Retype the material exactly, ending with the line containing "Appraisal: A Set".
=== Extracted material ===
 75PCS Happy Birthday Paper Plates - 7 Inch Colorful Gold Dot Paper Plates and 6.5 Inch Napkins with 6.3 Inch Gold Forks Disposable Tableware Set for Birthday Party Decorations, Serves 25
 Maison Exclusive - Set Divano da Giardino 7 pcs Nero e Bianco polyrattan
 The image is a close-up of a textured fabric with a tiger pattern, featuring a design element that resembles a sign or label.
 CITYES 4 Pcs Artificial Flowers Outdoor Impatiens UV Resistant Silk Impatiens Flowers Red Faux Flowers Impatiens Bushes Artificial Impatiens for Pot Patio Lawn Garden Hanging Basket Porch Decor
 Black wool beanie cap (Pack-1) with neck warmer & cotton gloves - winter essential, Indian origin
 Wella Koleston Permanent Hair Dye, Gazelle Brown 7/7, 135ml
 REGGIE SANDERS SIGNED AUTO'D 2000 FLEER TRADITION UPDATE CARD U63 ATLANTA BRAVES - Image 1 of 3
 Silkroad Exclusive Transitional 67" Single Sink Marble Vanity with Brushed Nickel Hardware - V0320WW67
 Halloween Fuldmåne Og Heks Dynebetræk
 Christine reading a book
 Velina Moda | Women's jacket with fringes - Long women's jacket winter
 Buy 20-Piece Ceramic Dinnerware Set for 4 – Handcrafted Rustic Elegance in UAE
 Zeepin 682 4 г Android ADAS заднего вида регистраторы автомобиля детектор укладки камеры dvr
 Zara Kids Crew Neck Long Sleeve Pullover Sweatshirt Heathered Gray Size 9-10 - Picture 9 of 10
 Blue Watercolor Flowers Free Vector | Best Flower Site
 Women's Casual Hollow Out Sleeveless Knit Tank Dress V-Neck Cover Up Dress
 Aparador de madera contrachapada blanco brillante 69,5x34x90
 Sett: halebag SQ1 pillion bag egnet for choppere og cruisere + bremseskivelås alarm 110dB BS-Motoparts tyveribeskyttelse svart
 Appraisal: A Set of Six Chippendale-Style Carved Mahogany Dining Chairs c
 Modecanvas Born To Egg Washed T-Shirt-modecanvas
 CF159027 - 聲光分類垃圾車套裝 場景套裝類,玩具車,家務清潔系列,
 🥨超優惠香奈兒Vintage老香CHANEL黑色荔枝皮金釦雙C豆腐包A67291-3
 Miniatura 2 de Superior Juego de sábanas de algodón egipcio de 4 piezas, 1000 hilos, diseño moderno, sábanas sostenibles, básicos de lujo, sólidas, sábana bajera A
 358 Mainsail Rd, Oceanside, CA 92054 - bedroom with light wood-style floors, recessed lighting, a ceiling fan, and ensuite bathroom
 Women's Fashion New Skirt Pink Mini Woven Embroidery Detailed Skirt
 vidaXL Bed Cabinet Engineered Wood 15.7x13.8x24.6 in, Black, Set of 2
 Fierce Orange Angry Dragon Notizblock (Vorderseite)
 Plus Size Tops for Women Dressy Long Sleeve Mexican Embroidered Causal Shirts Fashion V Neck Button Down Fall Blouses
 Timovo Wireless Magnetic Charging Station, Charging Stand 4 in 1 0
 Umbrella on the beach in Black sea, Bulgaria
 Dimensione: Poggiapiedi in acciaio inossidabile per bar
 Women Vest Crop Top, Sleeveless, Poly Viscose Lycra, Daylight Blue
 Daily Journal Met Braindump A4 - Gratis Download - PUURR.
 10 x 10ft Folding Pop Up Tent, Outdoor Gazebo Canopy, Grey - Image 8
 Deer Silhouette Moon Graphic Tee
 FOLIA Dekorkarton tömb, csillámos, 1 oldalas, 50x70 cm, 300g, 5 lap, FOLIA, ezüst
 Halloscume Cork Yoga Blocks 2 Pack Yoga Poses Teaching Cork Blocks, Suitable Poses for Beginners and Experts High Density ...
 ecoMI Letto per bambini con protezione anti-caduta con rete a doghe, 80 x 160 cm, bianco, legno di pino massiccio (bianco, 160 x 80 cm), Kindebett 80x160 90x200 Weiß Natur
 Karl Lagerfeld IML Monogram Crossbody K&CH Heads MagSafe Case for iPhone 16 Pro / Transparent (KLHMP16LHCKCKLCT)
===
_Answer below_
 75PCS Happy Birthday Paper Plates - 7 Inch Colorful Gold Dot Paper Plates and 6.5 Inch Napkins with 6.3 Inch Gold Forks Disposable Tableware Set for Birthday Party Decorations, Serves 25
 Maison Exclusive - Set Divano da Giardino 7 pcs Nero e Bianco polyrattan
 The image is a close-up of a textured fabric with a tiger pattern, featuring a design element that resembles a sign or label.
 CITYES 4 Pcs Artificial Flowers Outdoor Impatiens UV Resistant Silk Impatiens Flowers Red Faux Flowers Impatiens Bushes Artificial Impatiens for Pot Patio Lawn Garden Hanging Basket Porch Decor
 Black wool beanie cap (Pack-1) with neck warmer & cotton gloves - winter essential, Indian origin
 Wella Koleston Permanent Hair Dye, Gazelle Brown 7/7, 135ml
 REGGIE SANDERS SIGNED AUTO'D 2000 FLEER TRADITION UPDATE CARD U63 ATLANTA BRAVES - Image 1 of 3
 Silkroad Exclusive Transitional 67" Single Sink Marble Vanity with Brushed Nickel Hardware - V0320WW67
 Halloween Fuldmåne Og Heks Dynebetræk
 Christine reading a book
 Velina Moda | Women's jacket with fringes - Long women's jacket winter
 Buy 20-Piece Ceramic Dinnerware Set for 4 – Handcrafted Rustic Elegance in UAE
 Zeepin 682 4 г Android ADAS заднего вида регистраторы автомобиля детектор укладки камеры dvr
 Zara Kids Crew Neck Long Sleeve Pullover Sweatshirt Heathered Gray Size 9-10 - Picture 9 of 10
 Blue Watercolor Flowers Free Vector | Best Flower Site
 Women's Casual Hollow Out Sleeveless Knit Tank Dress V-Neck Cover Up Dress
 Aparador de madera contrachapada blanco brillante 69,5x34x90
 Sett: halebag SQ1 pillion bag egnet for choppere og cruisere + bremseskivelås alarm 110dB BS-Motoparts tyveribeskyttelse svart
 Appraisal: A Set of Six Chippendale-Style Carved Mahogany Dining Chairs c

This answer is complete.